El estudio analiza los anuncios dirigidos a niños de entre 5 u 8 años.
'Anuncios'.
Pixabay

Lo decía el otro día el editor y escritor Javier Castro Flórez: no hay nada que nos tranquilice más en estos momentos que los anuncios publicitarios. Y explicaba cómo le había gustado escuchar a Mario Vaquerizo recomendar en televisión un champú contra el encrespamiento capilar, que, según aseguraba, iba a ser el problema más importante del otoño. Y ahí radica la grandeza del anuncio publicitario en estos momentos: si los mayores problemas que vamos a tener en otoño tienen que ver con si se nos encrespa o no el pelo, estamos salvados.
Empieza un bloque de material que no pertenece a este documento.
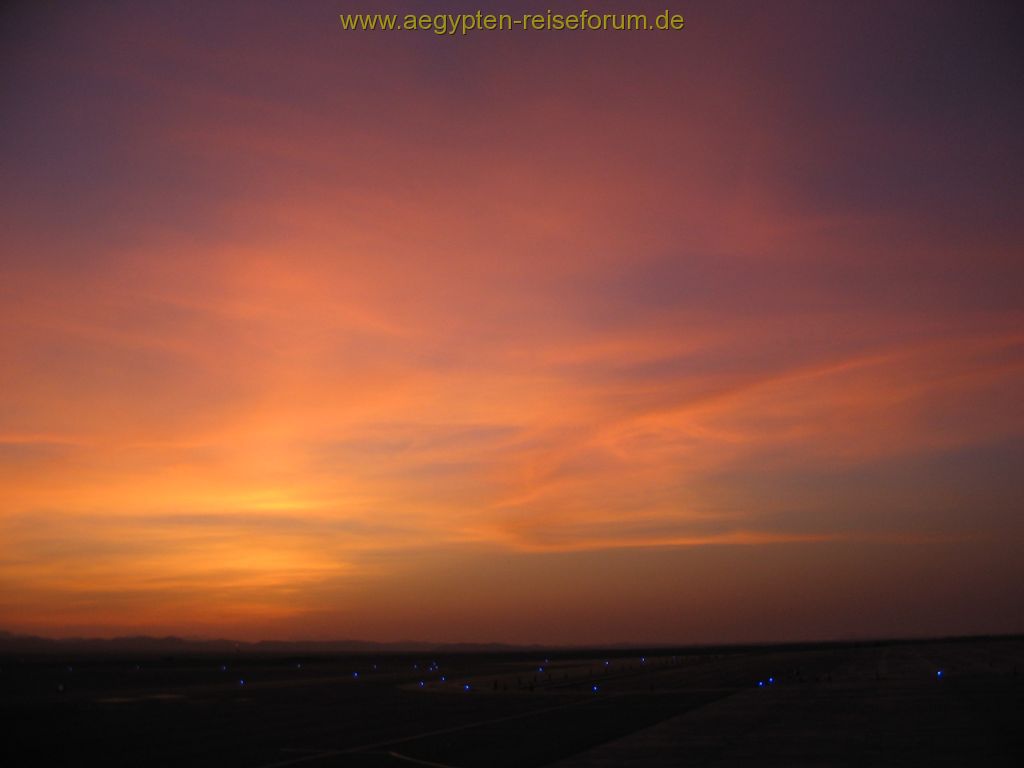 Der Himmel über dem Flughafen Marsa Alam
Los anuncios publicitarios hablan de la esperanza y, mientras haya anuncios, hay esperanza. Si se anuncian cremas, viajes, coches… y creemos en ello, como al parecer también creen los anunciantes, es que va a haber vida después del coronavirus. Vida como siempre, la que conocíamos antes de la pandemia: maquillarse, viajar, comprarnos un coche para subir a esquiar, para ir a la playa, o simplemente para sustituir a nuestro viejo ‘tastarro’… Por eso son hoy tan importantes los anuncios: porque nos hacen creer que todo esto pasará y que la vida volverá a ser como antes, como siempre fue. Ayer escuchaba en una emisora de radio local el anuncio de uno de mis restaurantes preferidos de Zaragoza, y con toda naturalidad lo recomendaban para banquetes y celebraciones. Ese anunciante está haciendo más por levantar la moral colectiva que cien discursos de nuestros políticos: si vamos a poder seguir organizando banquetes y fiestas, el mundo está salvado. La publicidad nos apuntala el futuro.